Abrams and Garrett's short course in Germany was part of an exchange program that sends German law professors to UVA to teach about European Union law. In the fall, for example, University of Münster professors Matthias Casper and Hans Jarass will teach at Virginia Law.
"I had a wonderful time meeting the students and faculty in Münster," Abrams said. "The students were bright and interesting and excited to learn about U.S. law. The faculty invited us to their lunch workshop, and we met with many of them one-on-one for some fascinating discussions."

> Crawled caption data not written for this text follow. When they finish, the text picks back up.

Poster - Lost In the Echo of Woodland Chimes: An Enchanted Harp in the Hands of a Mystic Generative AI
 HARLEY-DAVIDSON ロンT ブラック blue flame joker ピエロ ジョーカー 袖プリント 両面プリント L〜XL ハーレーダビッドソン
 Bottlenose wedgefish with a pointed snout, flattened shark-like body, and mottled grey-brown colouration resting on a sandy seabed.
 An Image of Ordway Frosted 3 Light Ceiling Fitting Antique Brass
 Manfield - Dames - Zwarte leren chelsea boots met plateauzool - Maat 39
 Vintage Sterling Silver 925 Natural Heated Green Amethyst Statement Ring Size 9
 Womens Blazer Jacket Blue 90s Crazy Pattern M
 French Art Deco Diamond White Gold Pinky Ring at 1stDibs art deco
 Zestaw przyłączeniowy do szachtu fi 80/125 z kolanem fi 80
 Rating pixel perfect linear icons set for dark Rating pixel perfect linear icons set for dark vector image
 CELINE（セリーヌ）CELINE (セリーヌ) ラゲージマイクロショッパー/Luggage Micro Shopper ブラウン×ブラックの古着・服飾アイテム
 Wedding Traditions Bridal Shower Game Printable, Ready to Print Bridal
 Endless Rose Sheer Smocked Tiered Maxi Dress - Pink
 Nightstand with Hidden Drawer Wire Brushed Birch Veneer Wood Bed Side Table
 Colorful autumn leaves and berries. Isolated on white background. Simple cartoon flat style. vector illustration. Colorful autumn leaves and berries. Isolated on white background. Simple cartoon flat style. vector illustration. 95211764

UVA law professor Darryl Brown taught at the University of Münster in June 2012 and was a visiting scholar at the school's Criminal Law Institute during the fall semester. Professors Michal Barzuza and Dotan Oliar taught there in 2012, as well.
UVA law professor Margo Bagley just wrapped up a week teaching two intensive courses at the Max Planck Institute's Munich Intellectual Property Law Center in Munich, Germany. Bagley has taught in Munich for the past six summers.
Professor Ethan Yale is preparing to teach at the University of Sydney in Australia in August. Yale, who will teach U.S. international taxation, said he is looking forward to the experience.
UVA law professor Albert Choi has twice taught at Korean law schools, most recently in the summer of 2010 when he taught introductory U.S. contract law to Korean students at Seoul National University Law School.
The previous year, Choi taught international business transactions at Sungkyunkwan University Law School as part of a joint program with Fordham Law School that included equal numbers of Korean and American students.
"Both experiences were quite enjoyable," Choi said. "Students were quite smart and hard-working and had a strong interest in learning more about the American legal system. Many of them had aspirations of working on international commercial transactions or litigation, and learning more about American commercial law was quite important for them."
UVA Law Dean Paul G. Mahoney , meanwhile, recently wrapped up a trip to Hong Kong and Shenzen, China, as part of a series of UVA Law alumni events in Asia.